Suhariyanto menagtakan pada Oktober tahun ini Wisman China yang datang ke Indonesia sebesar 14,79% atau 183.482, kemudian disusul Malaysia sebesar 13,56% atau 175.226, dari Timor Leste sebesar 11,21% atau 144.850, dari Singapura sebesar 10,55% atau 136.263, dan dari Australia sebesar 9,04% atau 116.860.
Dengan jumlah kunjungan wisman China tersebut maka jumlah wisman China ke Indonesia menjadi wisman tertinggi dibandingkan kunjungan ke negara lain.
Menurut Suhariyanto, lima negara tersebut tidak mengalami perubahan hanya bergeser sesama lima negara tersebut dalam kunjungan wisman. “Jadi kalau dilihat bulan ke bulan (wisman) kebangsaan ini tidak berubah. Biasanya posisinya saja yang bergeser-geser. Tapi inilah lima kebangsaan yang mendominasi kunjungan wisman ke Indonesia,” ungkapnya
BPS melaporkan secara keseluruhan untuk jumlah kunjungan wisman Oktober 2018, naik 11,24 persen dibanding jumlah kunjungan pada bulan sama Oktober 2017. Yaitu meningkat dari 1,16 juta pengunjung naik menjadi 1,29 juta pengunjung.
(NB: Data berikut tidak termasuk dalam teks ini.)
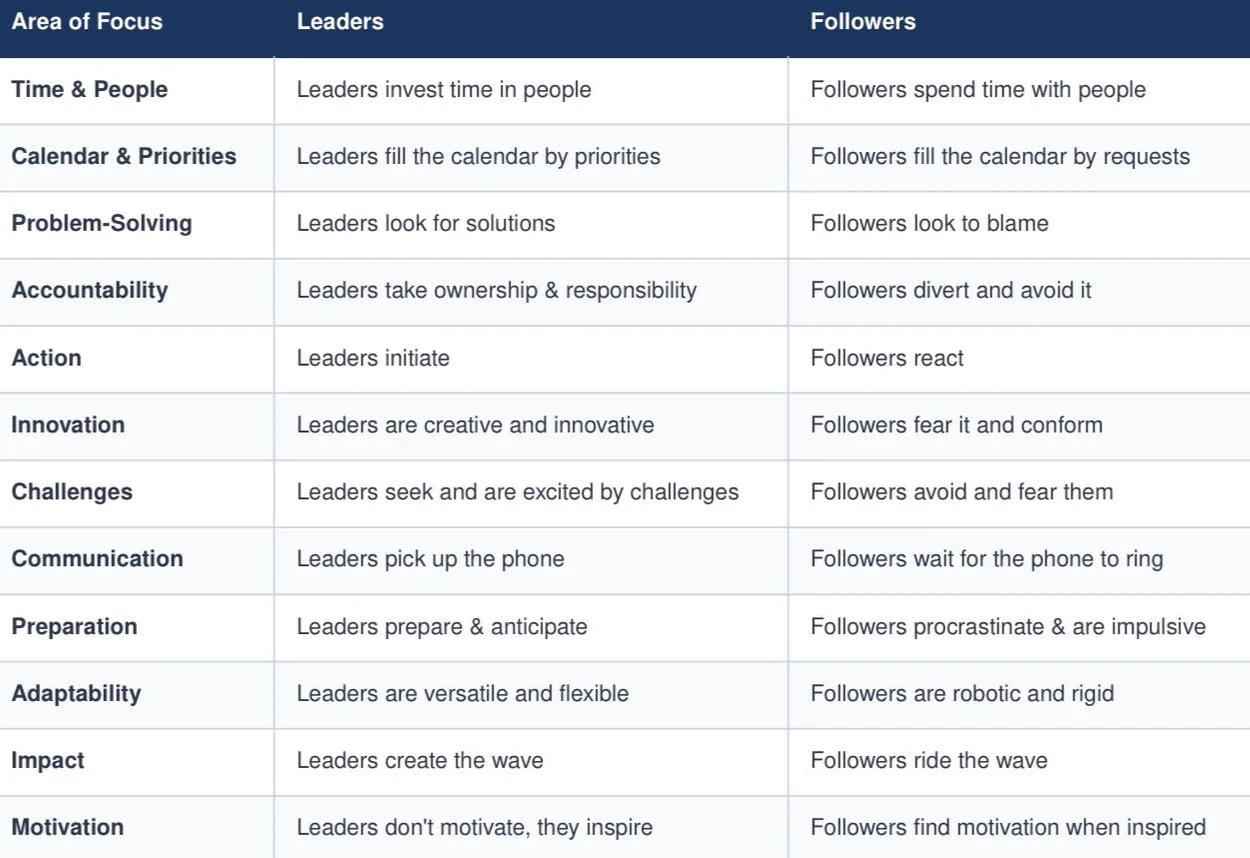 Leaders vs. Followers: The Complete Comparison Table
Sementara jika dibandingkan per bulannya dengan September 2018, maka jumlah kunjungan wisman pada Oktober 2018 mengalami penurunan sebesar 5,74 persen.
Dengan jumlah wisman yang berkunjung ke tanah air pada Oktober 2018, tingkat penghunian kamar (TPK) nya pun naik 1,91 poin menjadi 58,84. Di mana rata-rata lama menginap tamu asing dan Indonesia pada hotel klasifikasi bintang selama Oktober 2018 tercatat sebesar 1,90 hari, atau menurun 0,02 poin dibandingkan periode sama tahun sebelumnya.
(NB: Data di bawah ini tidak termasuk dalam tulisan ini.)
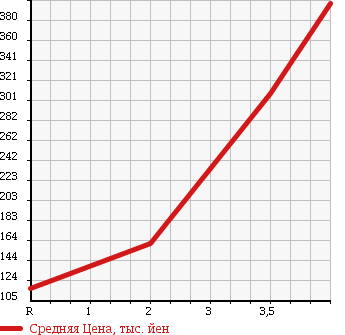Аукционная статистика: График изменения цены SUZUKI Сузуки  JIMNY Джимни  2003 660 JB23W XG в зависимости от аукционных оценок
Meski jumlah wisman di Oktober 2018 mengalami penurunan, secara kumulatif jumlah kunjungan turis ke Indonesia masih naik 11,92% atau 13,24 juta dibandingkan Januari-Oktober 2017 yang sebesar 11,83 juta kunjungan.
Per Oktober 2018 juga mencatat turis yang datang ke Indonesia mayoritas masih menggunakan pesawat terbang dengan persentase 66%, angkutan darat sebesar 15%, dan angkutan laut sebesar 19%.